G1 Global lays out visions for helping Japan innovate and evolve
November 29, 2021
Who holds the power in Tokyo? Where do the real decision-makers meet?
The most honest answer: in the offices of government departments. These immensely powerful organizations are led by the “Fax Gang,” bureaucrats who control every industry in Japan (using fax machines). Like all systems that rely on central planning, Japan’s government enriches the bureaucrats first, the zaibatsu conglomerates second and the people last. Competition is often decided by access; innovation is only an excuse to spend more. The Fax Gang’s dominance is a source of despair for many Japanese, proof that the national tagline might as well be “Sho ga nai” (“It can’t be helped”).
The Fax Gang has a determined, underdog enemy: the G1 Institute. Its Japanese and foreign members are entrepreneurs, creators and business leaders from every industry. Since 2009, the forums, think tanks and college programs of G1 have fostered innovation and better leadership for Japan.
The G1 Global Conference is their big annual gathering. This year it was held at the Globis Tokyo campus, a modern building in Kojimachi. Panels were held all day, on topics from the entertainment industry to international relations. It was an exclusive affair; it seemed that most of the people there knew most of the people there. Managing directors mingled with angel investors. Bow ties bobbed beside tribal piercings. It was a decidedly no-fax zone.
Big ideas, refreshing honesty
In one panel, “Japan’s Tourism Going Forward,” the audience saw four leaders from the travel industry discuss, debate and predict the new reality of Japanese tourism. The panel was moderated by Tak Umezawa, Japan chairman and partner of A.T. Kearney and chairman of CIC Japan. He posed a difficult question: What changes are important for the Japanese travel industry to consider?
Taku Yamada, whose company Churaboshi organizes guided tourist experiences in Gifu, had a thoughtful answer: sustainability. “When I think about sustainability, it’s actually all about transparency in the supply chain,” he said. “When you stay at a local hotel in the countryside of Japan, you want to know the story: Where did this fresh fish come from? Such details will give travelers a better way to understand that specific region.”

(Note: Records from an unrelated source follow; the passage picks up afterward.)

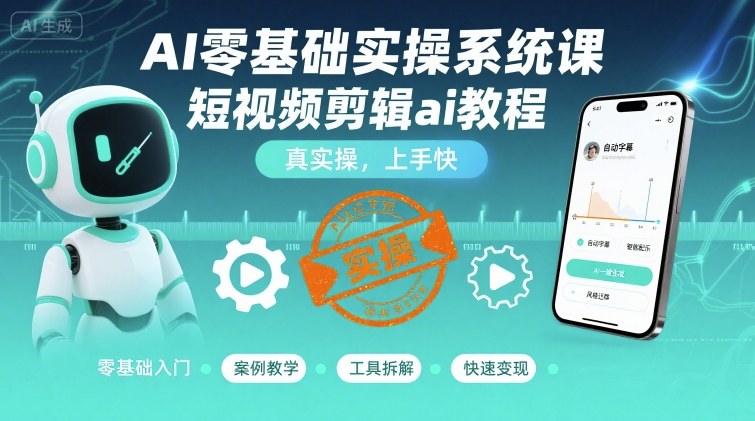 AI零基础实操系统课，短视频剪辑ai教程，真实操，上手快-七七项目网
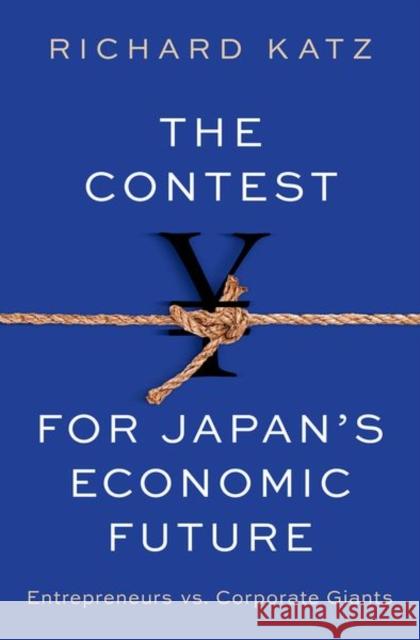 The Contest for Japan's Economic Future: Entrepreneurs vs Corporate Giants Richard (Senior Fellow, Senior Fellow, Carnegie Council for Ethics In International Affairs) Katz 9780197675106 Oxford University Press Inc
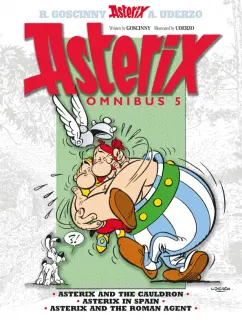 Обложка книги Asterix. Omnibus 5. Asterix and The Cauldron. Asterix in Spain. Asterix and The Roman Agent. Комикс, Goscinny Rene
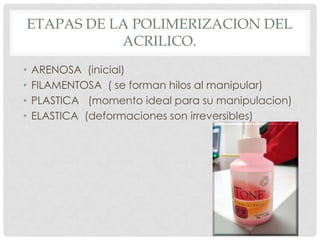 ETAPAS DE LA POLIMERIZACION DEL
ACRILICO.
• ARENOSA (inicial)
• FILAMENTOSA ( se forman hilos al manipular)
• PLASTICA (momento ideal para su manipulacion)
• ELASTICA (deformaciones son irreversibles)
 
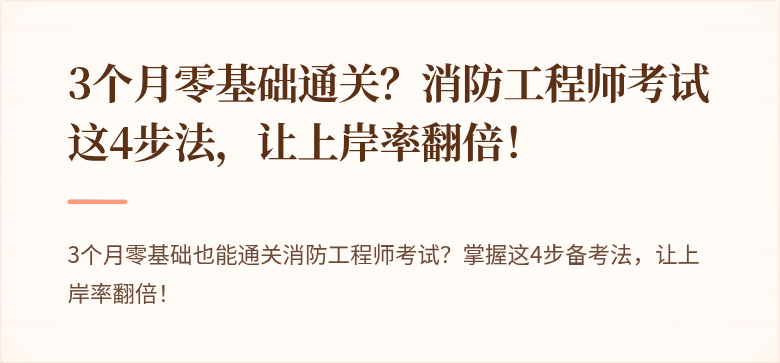 3个月零基础通关？消防工程师考试这4步法，让上岸率翻倍！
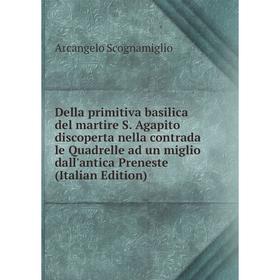 

Книга Della primitiva basilica del martire S. Agapito discoperta nella contrada le Quadrelle ad un miglio dall'antica Preneste (Italian Edition)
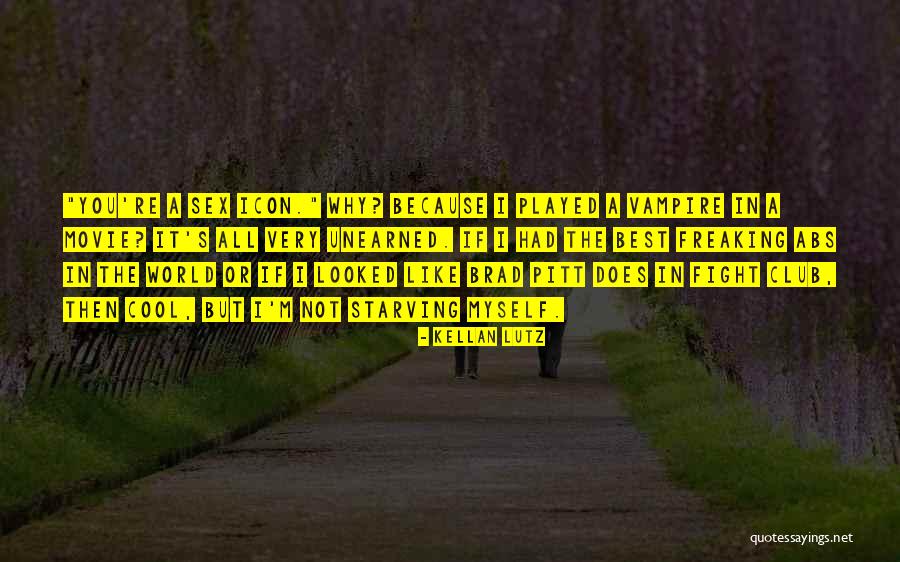 Creagers Quotes By Kellan Lutz Creagers Quotes By Kellan Lutz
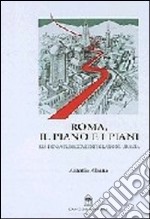 Roma, il piano e i piani libro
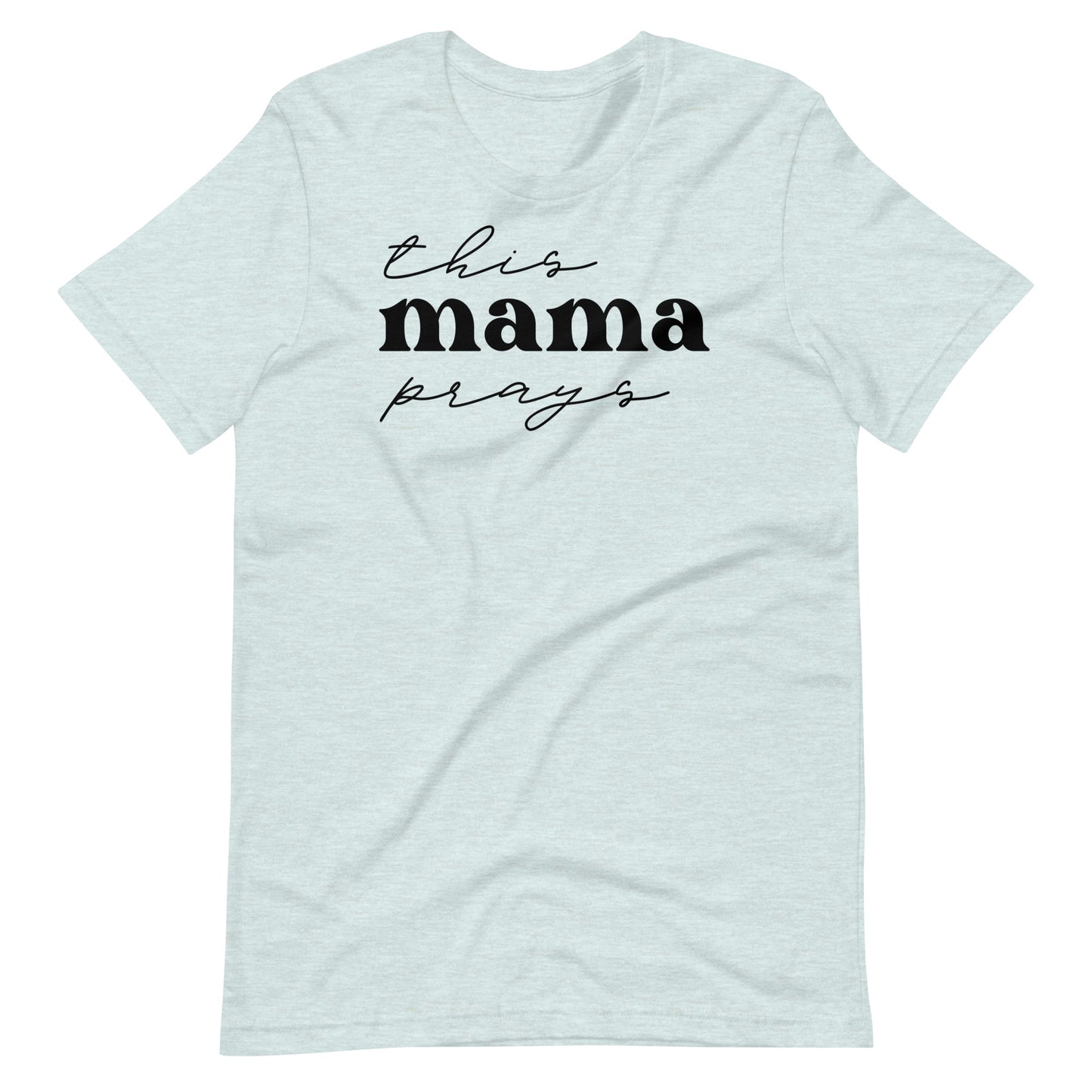 This Mama Prays Women's T-Shirt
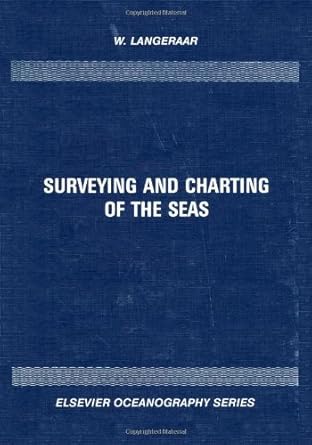 surveying and charting of the seas 1st edition w langeraar 0444422781, 978-0444422781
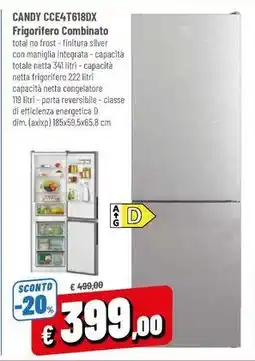 Famila Superstore CANDY CCE4T618DX Frigorifero Combinato offerta
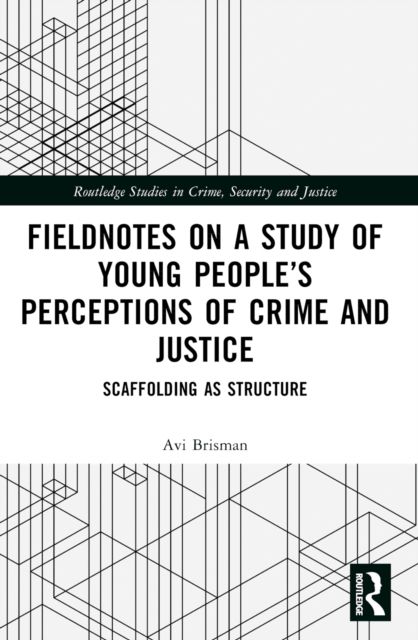 Fieldnotes on a Study of Young People’s Perceptions of Crime and Justice : Scaffolding as Structure
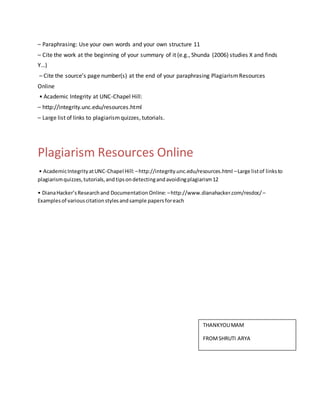 – Paraphrasing: Use your own words and your own structure 11
– Cite the work at the beginning of your summary of it (e.g., Shunda (2006) studies X and finds
Y…)
– Cite the source’s page number(s) at the end of your paraphrasing PlagiarismResources
Online
• Academic Integrity at UNC-Chapel Hill:
– http://integrity.unc.edu/resources.html
– Large list of links to plagiarismquizzes, tutorials.
Plagiarism Resources Online
• AcademicIntegrityatUNC-Chapel Hill:–http://integrity.unc.edu/resources.html –Large listof linksto
plagiarismquizzes,tutorials,andtipsondetectingandavoidingplagiarism12
• DianaHacker’sResearchand DocumentationOnline: –http://www.dianahacker.com/resdoc/ –
Examplesof variouscitationstylesandsample papersforeach
THANKYOUMAM
FROMSHRUTI ARYA
 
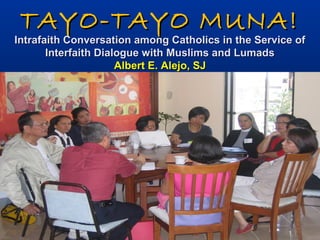 TAYO-TAYO MUNA!TAYO-TAYO MUNA!
Intrafaith Conversation among Catholics in the Service ofIntrafaith Conversation among Catholics in the Service of
Interfaith Dialogue with Muslims and LumadsInterfaith Dialogue with Muslims and Lumads
Albert E. Alejo, SJAlbert E. Alejo, SJ
 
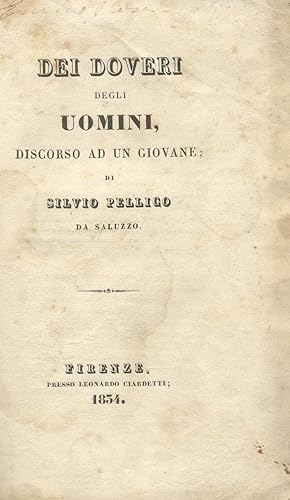 Bild des Verkufers fr DEI DOVERI DEGLI UOMINI. Discorso ad un giovane. zum Verkauf von studio bibliografico pera s.a.s.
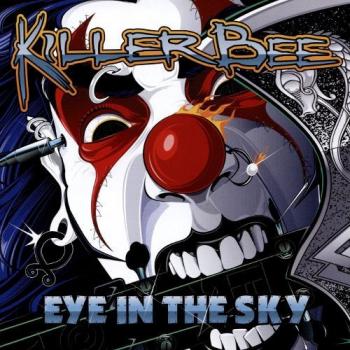 KILLER BEE - EYE IN THE SKY - Меломания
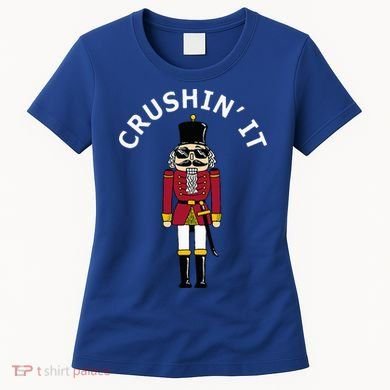 Trendy Christmas Nutcracker Crushin It Women's T-Shirt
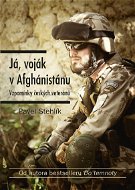 Já, voják v Afghánistánu - Elektronická kniha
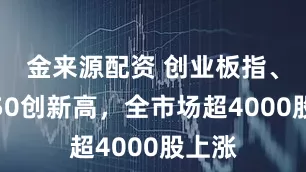 金来源配资 创业板指、北证50创新高，全市场超4000股上涨
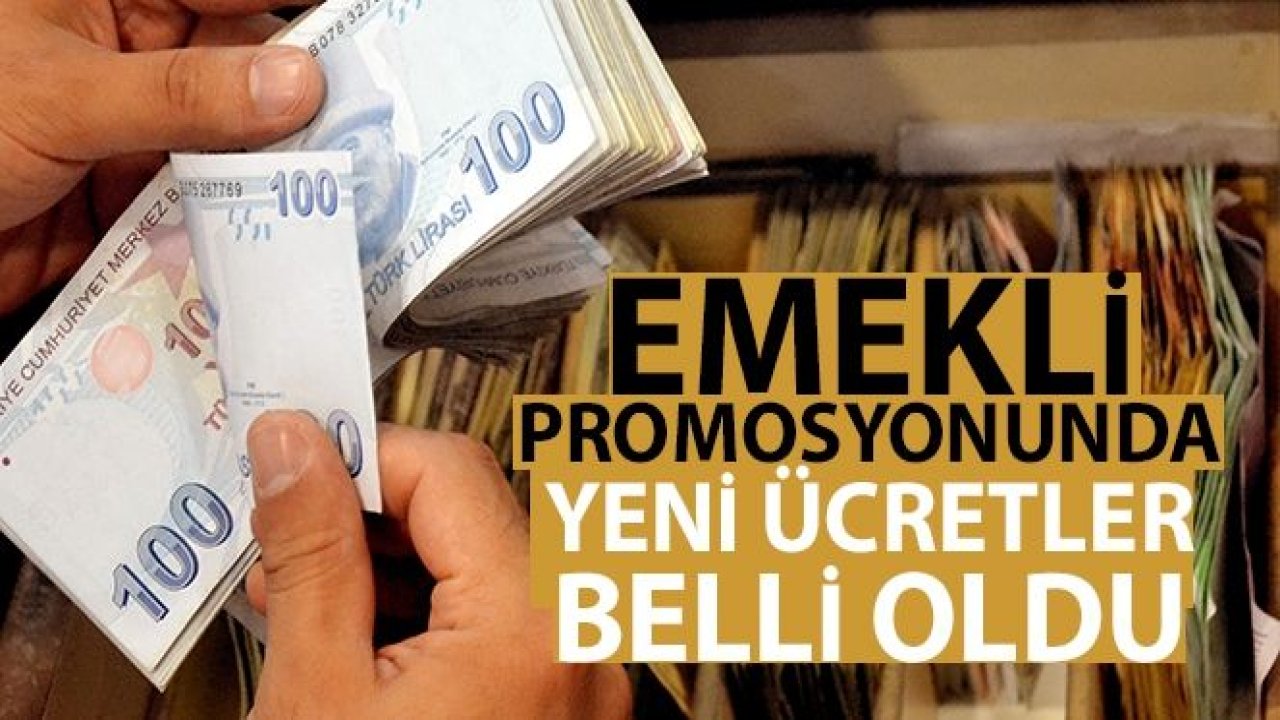 Emekli promosyonunda yeni ücretler belli oldu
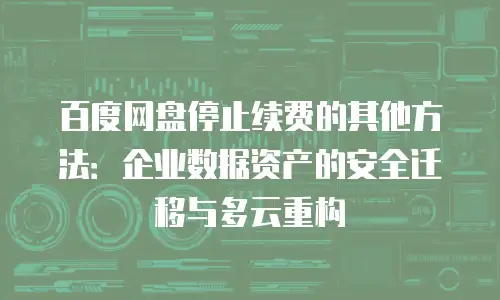 百度网盘停止续费的其他方法：企业数据资产的安全迁移与多云重构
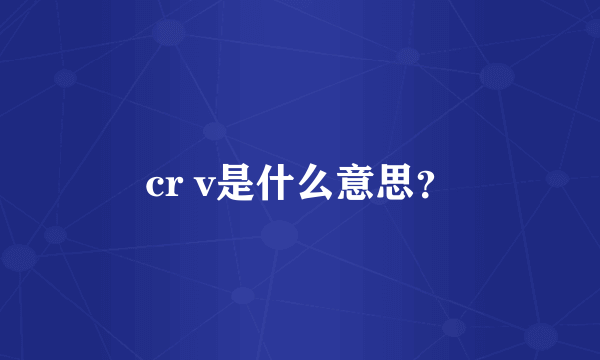 cr v是什么意思？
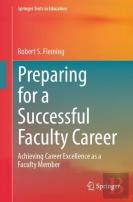 Preparing For A Successful Faculty Career
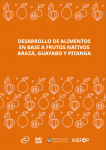 Desarrollo de alimentos en base a frutos nativos arazá, guayabo y pitanga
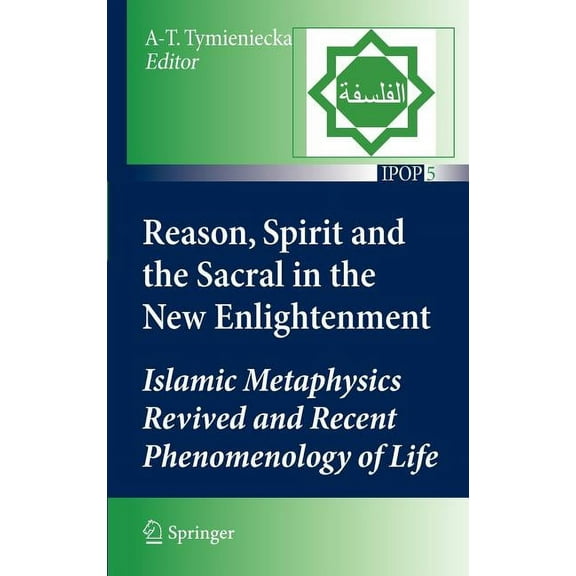 Islamic Philosophy and Occidental Phenom Reason, Spirit and the Sacral in the New Enlightenment: Islamic Metaphysics Revived and Recent Phenomenology of Life, Book 5, (Hardcover)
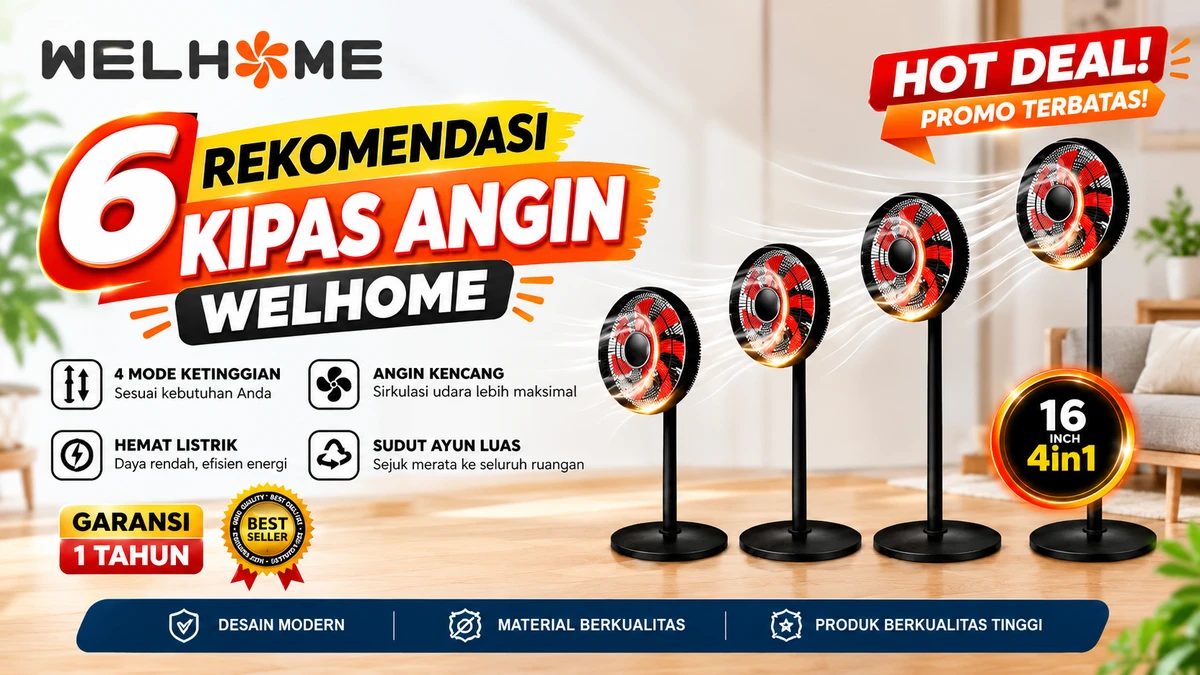 6 Jenis Rekomendasi Kipas Angin Welhome Untuk Berikan Kenyamanan di Rumah dan Ruangan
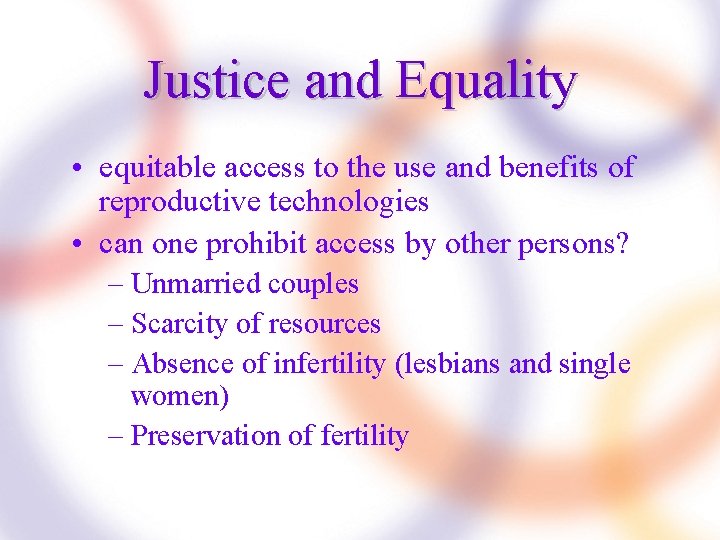 Justice and Equality • equitable access to the use and benefits of reproductive technologies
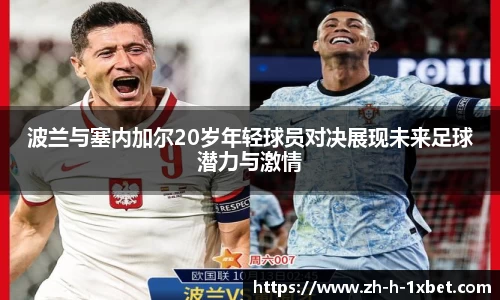 波兰与塞内加尔20岁年轻球员对决展现未来足球潜力与激情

On the same panel, David Mark Atkinson, CEO of Konishi Decorative Arts and Crafts Co. Ltd, offered frank assessments and anecdotes about luxury travel in Japan. With a sonorous English eloquence, he said, “There are now 28 five-star hotels in Japan … and it’s deeply questionable if any of those five-star hotels are actually five-star. Japanese developers believe if you cover everything in marble, it’s a five-star hotel. But the actual definition has nothing to do with chandeliers or stone.” He went on to tell some funny stories of foreign guests experiencing Japanese “five-star” service: a billionaire who requested a private car … and was given a city taxi; a wealthy guest asking for a manicure shop … and being told by a concierge, “Use Google.” The crowd laughed, a little nervously. The bureaucracy of the Fax Gang isn’t the only challenge facing Japan.
Overcoming climate change
As they spoke, another session was occurring across the hall, titled “Innovative Resilience in Greentech: Will Technology Beat Climate Change?” The panel, led by the eminent economist Robert Alan Feldman of Morgan Stanley, revealed fascinating new technologies. On his panel was Patricia Bader-Johnston, CEO of Silverbirch Associates. She advocated for a sharp focus on realistic technologies. “In Japan, 25% of all energy comes from coal-fired plants. We need that energy. We don’t have time to build new plants. But there is a technology called CoalSwitch that uses woody pellets, which can completely replace coal, using biomass instead. We need new technologies that can be applied to the current situation. We need to solve the problem now.”
Sitting beside her was the young Eriko Suzuki, managing director of MPower Partners, one of the first ESG-integrated venture funds in Japan. One of their investments, Jupiter Intelligence, is a climate risk analytics service, helping companies in Japan and America better understand and plan for climate change.
More investment … now!
Suzuki wanted the audience to know that Japan’s investment levels are not high enough. “There still needs to be more capital in this space. In the U.S., they have large funds investing into climate tech. These are billion-dollar funds. In Japan, the largest VC that focuses on climate tech is $50 million … That’s a magnitude smaller! No matter how smart we are, we’re still losing opportunities to the West because of scale. We want more funds, competing for the best deals.”
The day wore on, the audience members circulating between sessions. On each panel, colleagues, friends and rivals discussed the challenges Japan faced, internally and externally. The G1 Institute and its members are the change agents in a system that doesn’t want to change. They are the ones who are defying the odds to help Japan evolve and improve.